**WHAT THE TASK REQUIRES**:
Restate word for word only the lines running from the one with "Levi's® Wollpullover ORIGINAL" to the end of the data, both ends included. Omit any pictures.

[Captioned web image data]
┄┄┄┄┄┄┄┄┄┄┄┄┄┄┄┄┄┄┄┄

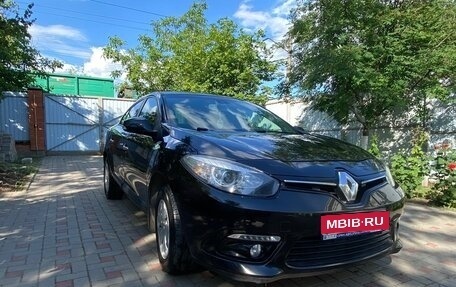 Renault Fluence I, 2014 год, 960 000 рублей, 1 фотография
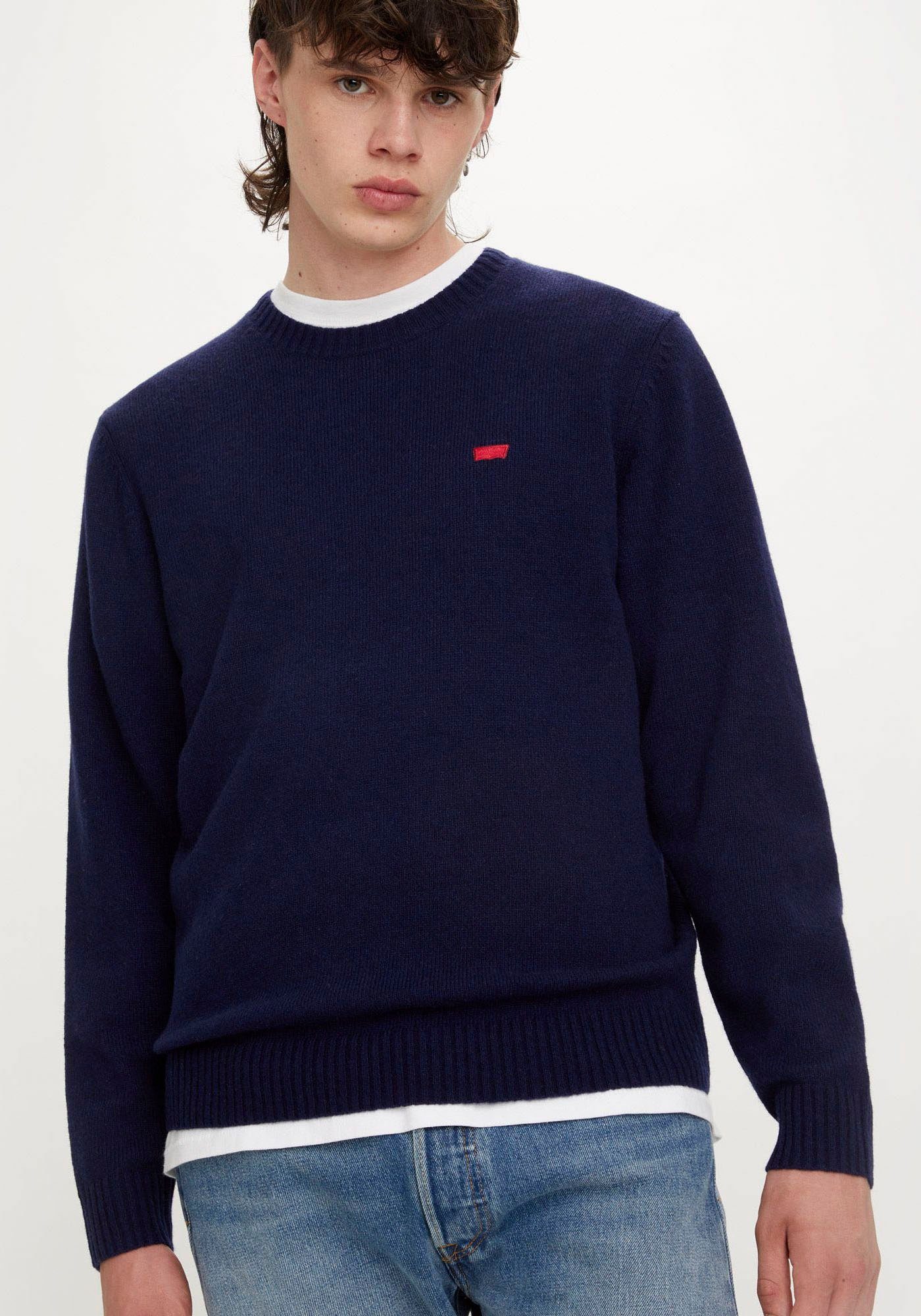 Levi's® Wollpullover ORIGINAL HM SWEATER in günstig online kaufen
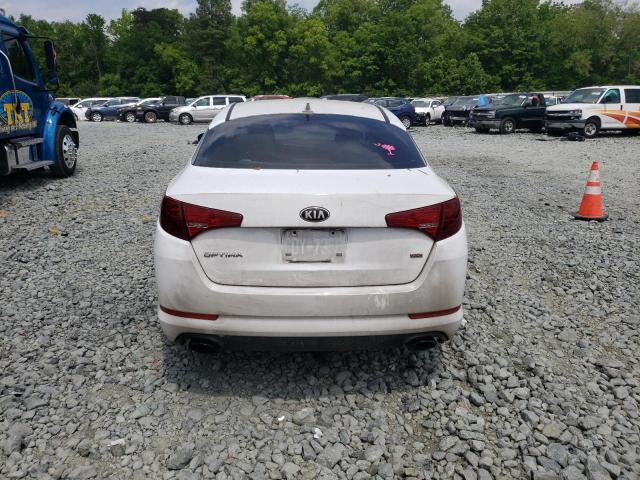 Photo 6 from auction – 2013 KIA OPTIMA LX with VIN 5XXGM4A79DG207707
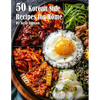 50 Korean Side Recipes for Home - Paperback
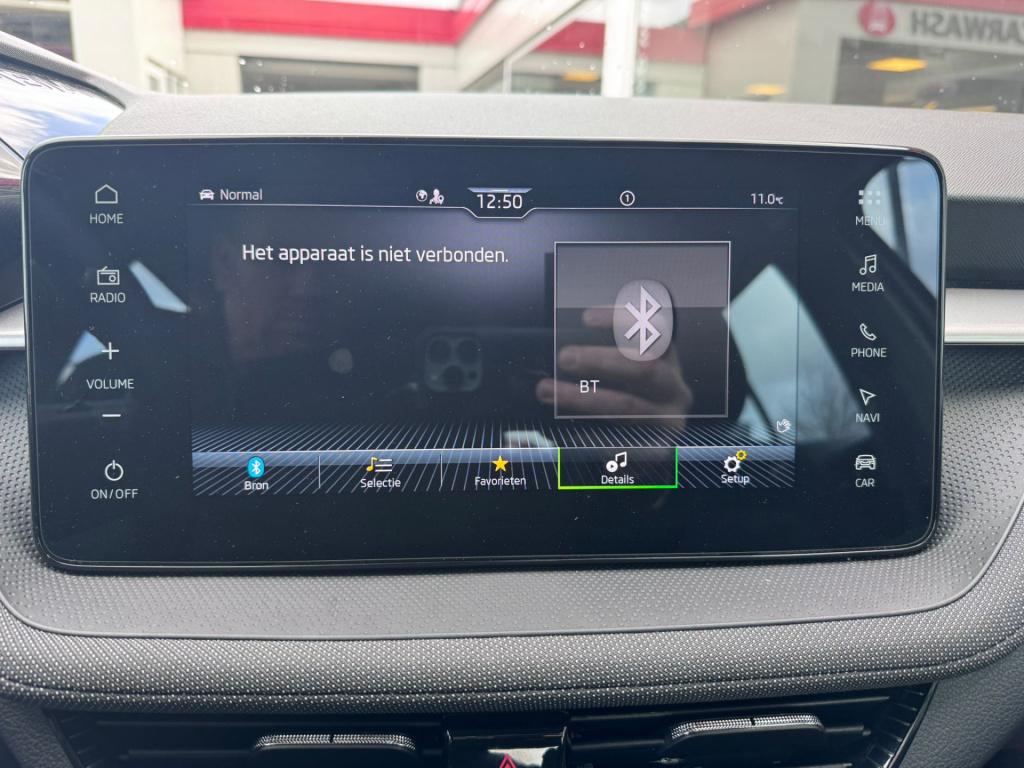 Skoda Fabia 1.0 tsi business edition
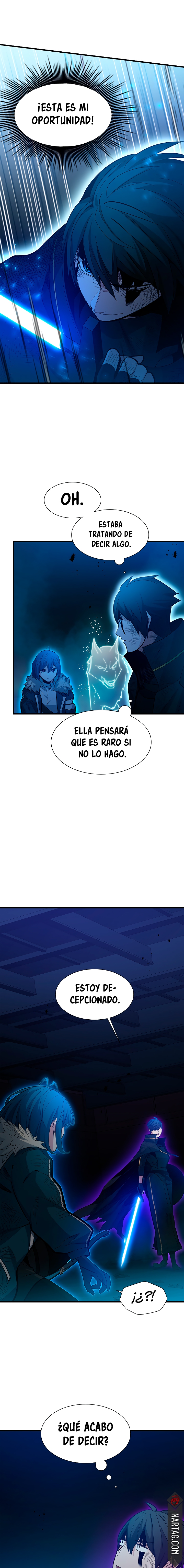 El tutorial es demasiado difícil Capitulo 111 página 11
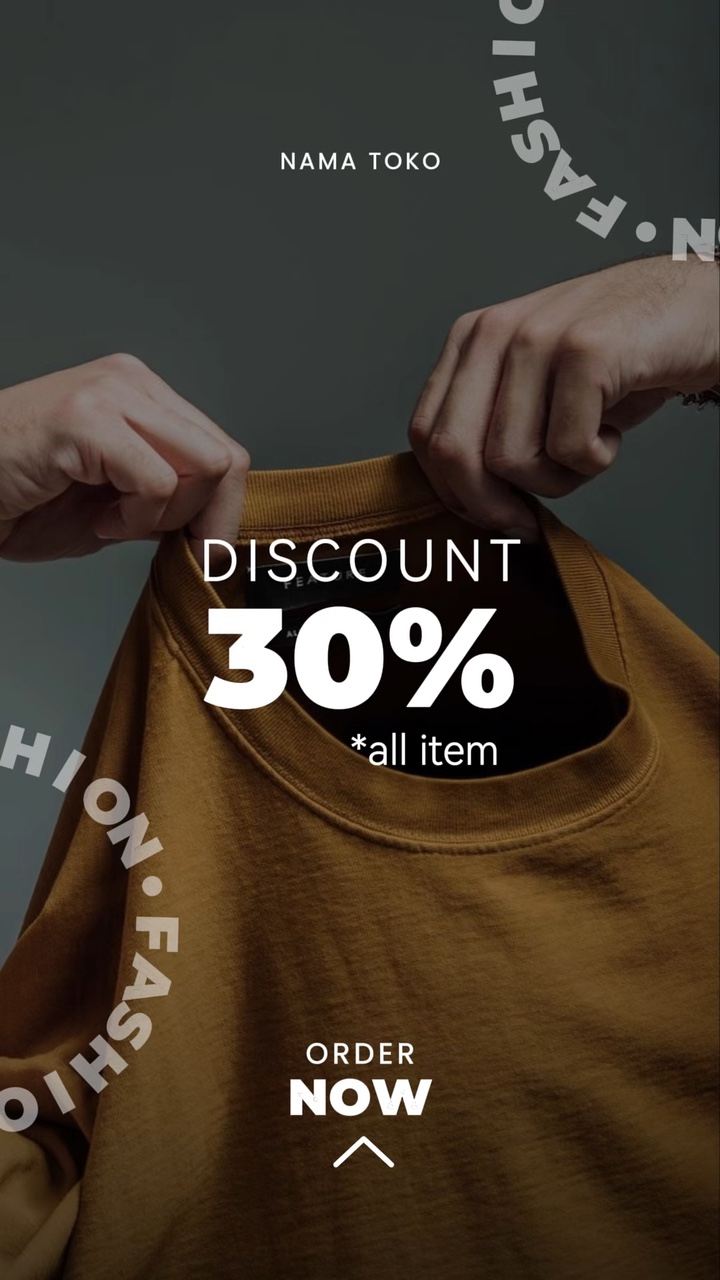 Descuento de venta promocional
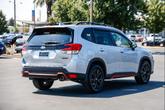 Thumbnail of 2019 Ice Silver Metallic Subaru Forester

┄┄┄┄┄┄┄┄┄┄┄┄┄┄┄┄┄┄┄┄

**WRITTEN SOLUTION**:
 Levi's® Wollpullover ORIGINAL HM SWEATER in günstig online kaufen
 Photo 6 from auction – 2013 KIA OPTIMA LX with VIN 5XXGM4A79DG207707
 50 Korean Side Recipes for Home - Paperback
 Skoda Fabia 1.0 tsi business edition
 El tutorial es demasiado difícil Capitulo 111 página 11
 Descuento de venta promocional
 Thumbnail of 2019 Ice Silver Metallic Subaru Forester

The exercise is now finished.